The security goal of HashBackup is secure remote storage of backup data to untrusted storage providers. Securing local backup data is not a primary goal: if someone has access to a computer, there are many avenues to monitor and attack it, from logging keystrokes to intercepting shared library calls, installing MITM device drivers, and so on.

Some data in HB’s local backup directory stays local, for example, the dedup table and the key in key.conf. Other data may be sent offsite, with the goal of being able to reconstruct the backup in a disaster situation: the computer is stolen, fire, flood, or the hard disk containing the local backup crashes.

The security goals then are to:

  • send encrypted backup data to remote storage

  • prevent original data access via remote storage without the key

  • retrieve the backup data

  • ensure the data was not modified while on remote storage

  • ensure that restored files are identical to the originals

Different sites will have different security needs.

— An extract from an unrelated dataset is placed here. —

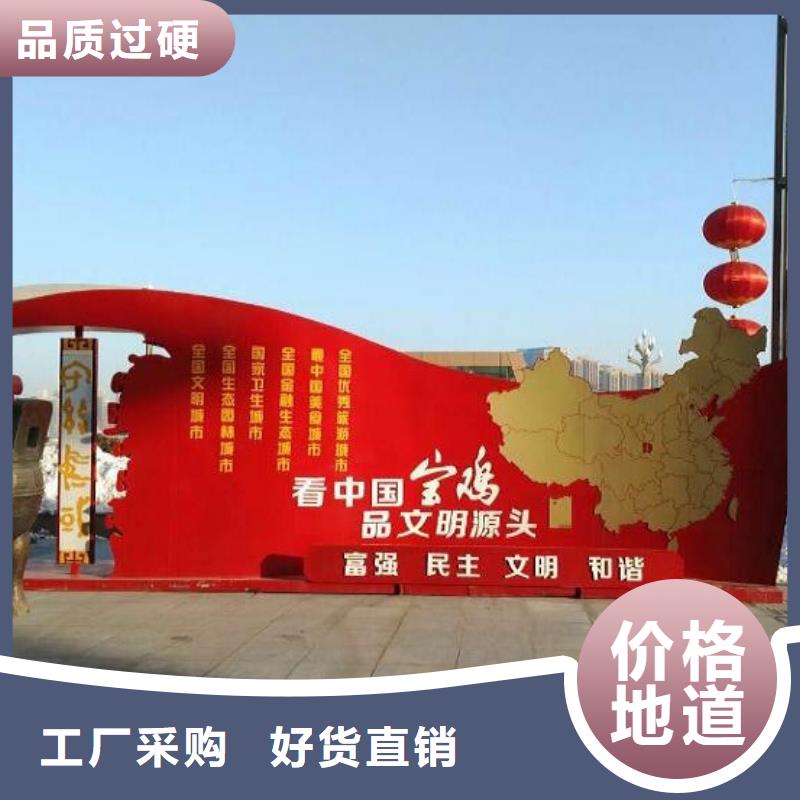 西藏核心价值观可随时发货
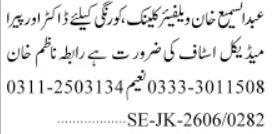 Prime Medical Jobs 2026 Clinic Opportunities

For example, "remote" storage may be a company-owned FTP server connected over a LAN. Insecure protocols like FTP are supported because the convenience they provide may be more important to a particular customer than the protocol’s security issues. HashBackup supports secure transport methods, but also supports insecure but convenient transport methods.

Remote Data

There are several types of data sent to remote storage:

  1. hb.db, an encrypted database, must be sent since it contains all metadata. It is potentially a large file. To avoid sending the whole file after every backup, hb.db is sent offsite as incrementals. The recover command downloads these incrementals to regenerate the original hb.db file if the local backup directory is lost, ie, a disaster recovery situation.

  2. arc files (encrypted, compressed file data blocks) are sent offsite

  3. an encrypted database, dest.db, maintains lists of HB’s files that are stored on each destination. Its purpose is to avoid needing to "list" the files on each remote, because sometimes this is slow, difficult, or expensive. When a file is sent to or deleted from a remote, an entry is made in dest.db. dest.db is sent to every remote after each backup. If the local backup directory is lost, dest.db is fetched first, to tell HashBackup which other files need to be fetched and where they are located (which remote has them).

Important Local Files

Two files are never sent offsite, but contain important information that is needed to recover the backup directory from a remote site:

key.conf contains the main key. hb init creates this key, by default using the system random number generators (/dev/random & /dev/urandom) to get a 256-bit key. This is then used to derive the rest of the keys. The key.conf file is never sent offsite. The key may be protected with a passphrase. The permissions are set to read-only for the user running init when the key file is created.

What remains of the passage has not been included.